Palliative care (PC) is an interdisciplinary approach to care that seeks to maximize comfort for individuals with serious illness. Common outcomes evaluated in PC include patient quality of life (QOL), symptom relief (SR), home death (HD), and cost savings (CS). Research has suggested that the composition of the interdisciplinary team may be associated with PC outcomes. As core members of PC teams and stewards of the psychosocial domains of health, social workers directly target these evaluative criteria. Yet, comprehensive research into the contribution of social work on PC outcomes is lacking. The objective of this study was to synthesize the impact of social work involvement on commonly evaluated PC outcomes (QOL, SR, HD, CS) in the published literature.
Methods
We used a meta-analytic approach. Article searches were limited to recently published (2000–2016) controlled trials.
Outcomes were standardized to facilitate comparison. QOL was assessed through the Functional Assessment of Chronic Illness Therapy-Palliative Care Scale. Higher scores indicate better QOL. SR was standardized on the Edmonton Symptom Assessment Scale. Lower scores indicate greater SR. We converted the raw short-term (1–3 months) and long-term (4–6 months) QOL and SR results into aggregate mean differences (palliative care vs. control) in studies with (ESSW) and without (ESNSW) social work involvement. HD was analyzed through averaging the odds ratios in studies with (ORSW) and without (ORNSW) social work involvement. CS was standardized against U.S. dollars adjusted for the 2020 inflation rate and averaged across studies. We weighted all outcomes at the study-level to accommodate differing sample sizes.
Results
Twenty-three (82%) of the retained clinical trials (N = 28) used individual random assignment. Based on 15 studies (nSW = 6; nNSW = 9), short-term QOL outcomes were substantially better when social work was involved (ESSW = 1.75 vs. ESNSW = 0.1). Long-term QOL outcomes based on 12 clinical trials (nSW = 2; nNSW = 10) were comparable yet slightly lower in social work-involved studies (ESSW = −0.01 vs. ESNSW = 0.09). Based on 10 studies (nSW = 3; nNSW = 7), PC approaches with social work involvement (ESSW = −2.71) demonstrated superior SR compared to those without social work involvement (ESNSW = −0.15). No studies involving social work examined long-term SR (ESNSW = −0.18). Based on three studies (nSW = 2; nNSW = 1), the average odds of HD were greater when social work was involved (ORSW = 2.07 vs. ORNSW = 1.36). An average CS of $7,017.92 was calculated across studies. Although only four studies out of five studies reflected statistically significant CS, all five studies included social workers. Thus, there is currently no scientifically rigorous evidence showing that PC without social work saves costs.

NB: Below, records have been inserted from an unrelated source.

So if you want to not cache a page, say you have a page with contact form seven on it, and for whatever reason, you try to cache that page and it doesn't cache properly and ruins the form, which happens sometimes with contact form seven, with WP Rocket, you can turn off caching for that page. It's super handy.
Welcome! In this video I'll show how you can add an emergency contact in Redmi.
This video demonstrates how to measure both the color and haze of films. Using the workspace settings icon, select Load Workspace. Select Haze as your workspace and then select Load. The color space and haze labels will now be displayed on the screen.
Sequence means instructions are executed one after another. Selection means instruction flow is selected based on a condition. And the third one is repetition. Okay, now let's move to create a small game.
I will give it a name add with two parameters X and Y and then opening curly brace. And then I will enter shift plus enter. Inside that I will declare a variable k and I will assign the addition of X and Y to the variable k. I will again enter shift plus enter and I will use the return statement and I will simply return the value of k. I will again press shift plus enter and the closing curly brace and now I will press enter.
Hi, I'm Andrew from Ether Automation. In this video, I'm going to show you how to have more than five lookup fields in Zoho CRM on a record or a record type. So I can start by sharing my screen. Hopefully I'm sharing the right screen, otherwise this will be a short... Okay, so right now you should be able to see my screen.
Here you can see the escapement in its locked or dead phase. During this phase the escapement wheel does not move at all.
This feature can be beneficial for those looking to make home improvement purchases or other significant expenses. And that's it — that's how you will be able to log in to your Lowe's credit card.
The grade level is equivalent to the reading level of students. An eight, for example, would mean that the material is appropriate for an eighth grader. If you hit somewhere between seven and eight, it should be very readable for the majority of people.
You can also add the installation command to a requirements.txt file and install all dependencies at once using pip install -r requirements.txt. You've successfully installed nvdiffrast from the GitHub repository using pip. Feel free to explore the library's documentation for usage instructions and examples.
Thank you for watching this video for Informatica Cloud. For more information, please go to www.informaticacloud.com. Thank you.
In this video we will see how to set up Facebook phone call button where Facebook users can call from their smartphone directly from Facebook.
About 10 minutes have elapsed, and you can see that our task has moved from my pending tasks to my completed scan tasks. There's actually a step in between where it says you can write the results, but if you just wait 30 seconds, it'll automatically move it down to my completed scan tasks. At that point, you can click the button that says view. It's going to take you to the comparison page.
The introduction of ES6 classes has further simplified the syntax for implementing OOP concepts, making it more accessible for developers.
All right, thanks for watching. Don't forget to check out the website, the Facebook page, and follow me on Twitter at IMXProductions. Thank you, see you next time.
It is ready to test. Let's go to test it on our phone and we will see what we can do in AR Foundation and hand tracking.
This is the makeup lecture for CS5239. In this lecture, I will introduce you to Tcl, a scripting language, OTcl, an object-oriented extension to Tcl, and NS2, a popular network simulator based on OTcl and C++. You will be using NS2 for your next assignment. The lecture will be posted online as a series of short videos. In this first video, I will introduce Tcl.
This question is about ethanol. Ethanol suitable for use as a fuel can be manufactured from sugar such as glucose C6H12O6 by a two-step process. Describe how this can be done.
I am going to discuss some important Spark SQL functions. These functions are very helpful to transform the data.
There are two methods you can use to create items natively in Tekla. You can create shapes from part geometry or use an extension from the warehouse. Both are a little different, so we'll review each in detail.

Conclusions and Implications
These results affirm social work as a critical member of the interdisciplinary PC team by suggesting that social work involvement benefits patients, families, and health systems alike. Future trials should explicitly describe the elements of the PC model being tested, including composition of the interdisciplinary team, fidelity, and dose.